# Oklahoma Joe Smoker



## bigwheel (Jul 3, 2009)

Had an old chum who used to have one which he hauled around to cookoffs on a special basket looking deal affixed to the bumper of his 5th Wheeler travel trailer. They will bust a gut trying to load and unload it. In fact think I'm still down in the back on that deal. Wouldn't recommend it real highly. Suffers from the same set of problemos as most other small storebought offsets such as no baffling twixt the firebox and cookchamber..just a big hole which tend to grill the meat sideways with the radiant heat..got to keep swapping the meat around to make it cook evenly blah blah blah. The man tole you the best pit to get which is a Weber Smokey Mountain. Now if it was me I would make Dad start out with an ECB (El Cheapo Brinkmann water smoker). Everybody should pay their dues by learning to cook on one of them thangs first. Commonly available at Wally World for under 50 bucks. If you really want to get fancy get the Gourmet model. Much easier to use. Use the money you save to buy meat and copious amounts of the devil's urine. A person can't make good bbq unless they are real drunk. 

bigwheel


----------



## Captain Morgan (Jul 3, 2009)

I'm on my way to making good barbecue!


----------



## Jack W. (Jul 3, 2009)

Sounds like you are looking at an OK Joe Longhorn.  Nice cooker.  If its in good shape $400 is a fair price.  It should have casters on the non firebox side.  They are heavy, but  built to last.  OK Joe is no longer in business.  They sold to Brinkmann.  Look for the new model at Hawgeyes and compare.  I believe that the Yoder company also makes a comparable product.

Good Q!

Jack


----------



## bigwheel (Jul 3, 2009)

Well as with most bbq type folks I have known you aint really looking for advice but rather confirmation of whut you have decided to do anyway. I made a big mistake early on in that is somebody want me to taste their stuff I would be brutaly honest and if it taste like *hit I would tell em about it. Learnt quick they was not looking for abjective opinyawns but rather a slap on the buttocks for how good they was at cooking their *hitty bbq. I had one fella named Doug Ritter who got down on his hands and knees and begged me to tell him the truth. He been cooking some mighty fine grub ever since. Why you want folks to lie to you? I don't understand that part. If my stuff aint good I want to know it. Why you insist on being contrary. Is it a prideful type deal? If so..Vesa mi coola. 

bigwheel


----------



## monty3777 (Jul 3, 2009)

Roger, at Horizon Smokers, was one of the fabricators at Oklahoma Joe's. Hawgeyes is where I bought my Horizon. 
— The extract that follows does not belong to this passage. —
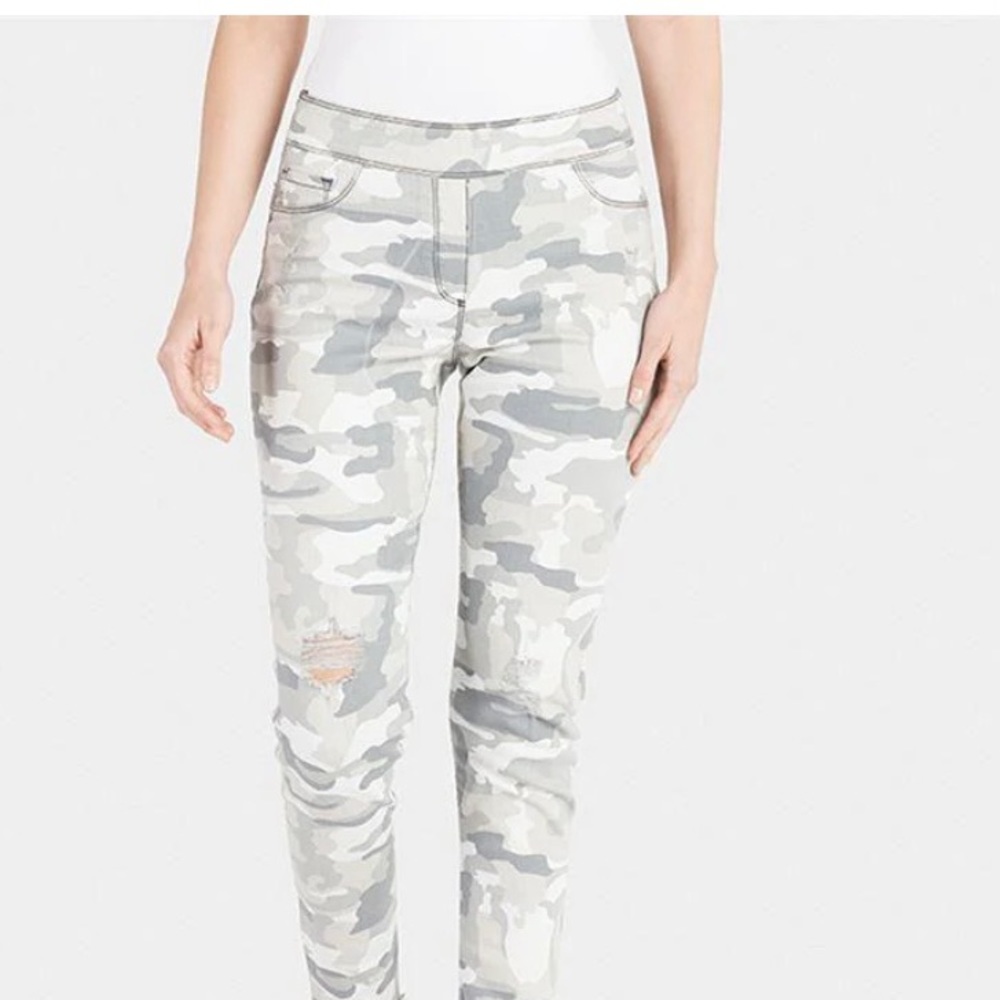 Coco and Carman OMG Amazing  White and Grey Camo Pants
Couldn't disagree with bigwheel more about starting with a piece of crap like a Brinkmann. Sure, if you are really strapped for cash a cheap smoker is better than nothing. However, the money you will waste making bad BBQ on a crappy pit would be better spent on saving for a nicer pit. Also, I can imagine the number of folks who have given up on traditional BBQ because the couldn't control the heat on one of those Brinkmann pieces of trash. If you want capacity buy one of the bigger WSMs. For $400 you can buy a WSM that will cook a whole load of meat!

O.K., back to my Jack and Coke!


----------



## DATsBBQ (Jul 4, 2009)

fuzzywombat0 said:
			
		

> Well, the problem is that *we need to be able to cook massive amounts of food from time to time.*  We have a basic idea on how to smoke (having done just about 10 briskets, and 15 rack of ribs)  I don't really mind moving the meat around.
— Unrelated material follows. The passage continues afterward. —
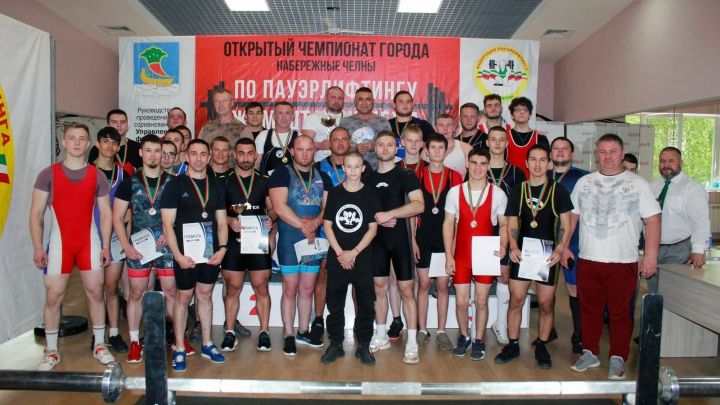Чистопольские спортсмены завоевали бронзу на открытом Республиканском турнире по пауэрлифтингу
Is it safe to say that after 10 briskets and 15 racks of ribs that y'all might still be a little wet behind the ears? If you need cook massive amount of food from time to time, moving stuff around the cooker is work that you don't need to be doing. Time is money and the time spent jocking briskets or ribs around is time that could be spent doing something else.
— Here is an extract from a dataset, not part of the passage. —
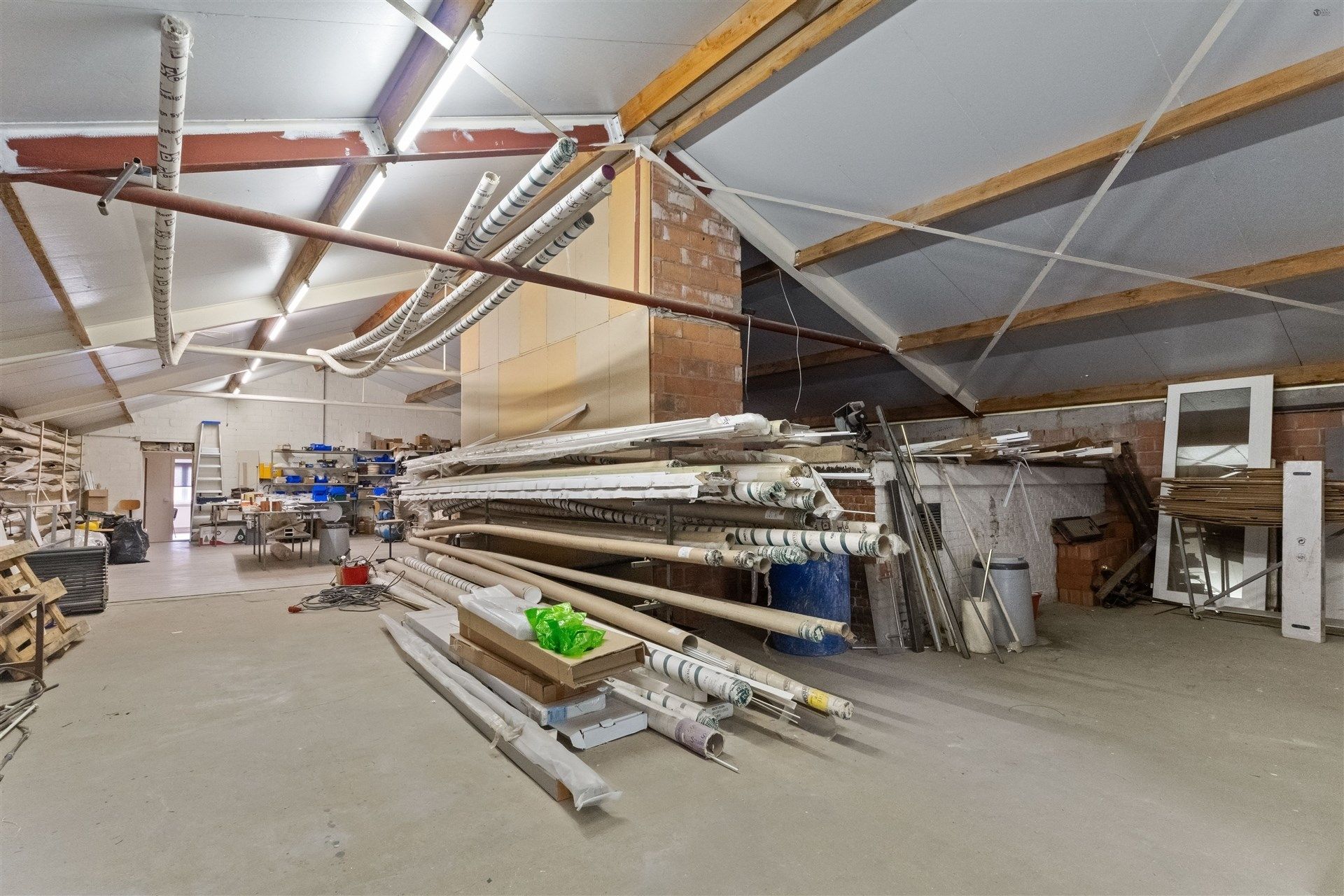 degelijk onderhouden atelier + woonst foto 4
Now old Jeff has a point about paying your dues. You can't run with the big dawgs if you pee like a puppy. So you want to skip puppyhood. OK by me, just be sure you can pass the test when it comes. Some can, most can't. Here's your crib sheet:

Buy an ECB on EBay for a buck, cook something on it, put a notch in your belt and move on. That a way ol' Jeff can't rag on ya and Monty can't fault ya too much for wasting a sawback. 

The smart caterers are going with a FEC or FatzBoy pellet cookers. Fill the hopper with pellets, set the temp like an oven and go do other things. 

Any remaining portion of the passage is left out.